The 2017 study, published in the journal Neurology, had “adjusted for age, sex, education, participation in cognitive activities, physical activities, smoking, and seafood and alcohol consumption” to be sure it was indeed the leafy greens providing the benefits. They noted beneficial nutrients available in leafy greens include phylloquinone, lutein, nitrate, folate, α-tocopherol, and kaempferol.
Omega 3 fatty acids—available in foods including fatty fish, flaxseeds, avocados, and walnuts—support the brain
Fatty fish have long been thought of as “brain food,” and a 2014 study published in the American Journal of Preventative Medicine showed that having baked or broiled fish once per week was “positively associated with gray matter volumes.” A 2016 JAMA study reinforced the idea, stating that “moderate seafood consumption was correlated with lesser Alzheimer disease neuropathology.”
It is interesting to note that Omega 3 supplements were not necessarily proven to help with cognitive decline and, in fact, lower doses of these supplements were more likely to be associated with positive benefits.

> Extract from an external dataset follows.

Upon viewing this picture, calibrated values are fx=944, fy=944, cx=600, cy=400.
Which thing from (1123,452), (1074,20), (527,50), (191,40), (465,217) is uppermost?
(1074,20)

As such, food sources are likely the best way to boost your intake of Omega 3 fatty acids.
Berries
Thanks to being high in flavonoids, berries have excellent antioxidant properties and provide a number of significant nutritional benefits. A 2012 study published in the Annals of Neurology concluded that “higher intake of flavonoids, particularly from berries, appears to reduce rates of cognitive decline in older adults.” Furthermore, this 2014 study published in the journal Neural Regeneration Research notes “nutritional interventions rich in phytochemicals such as berry fruits may be a valuable asset in preventing against aging by reducing or delaying the development of age-related neurodegenerative diseases.”

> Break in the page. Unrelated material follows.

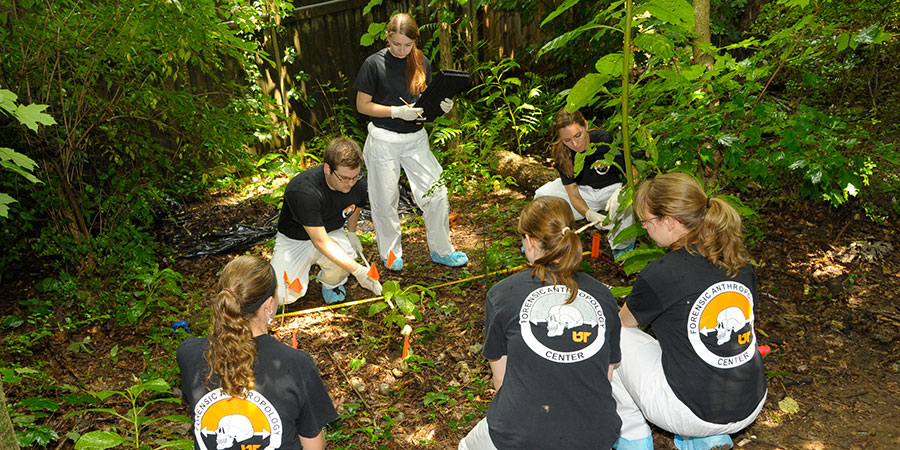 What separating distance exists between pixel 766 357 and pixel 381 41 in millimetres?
5285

The study also noted additional benefits conferred by specific types of berries. For instance, did you know blackberries can help normalize cholesterol and blueberries can inhibit inflammation?
Want to eat for brain health? Follow the science for proven benefits
While “brain food” is not a new concept, and overall healthy eating is important, it’s helpful to know which foods truly are effective when it comes to supporting our gray matter. I hope you’ve found this summary useful.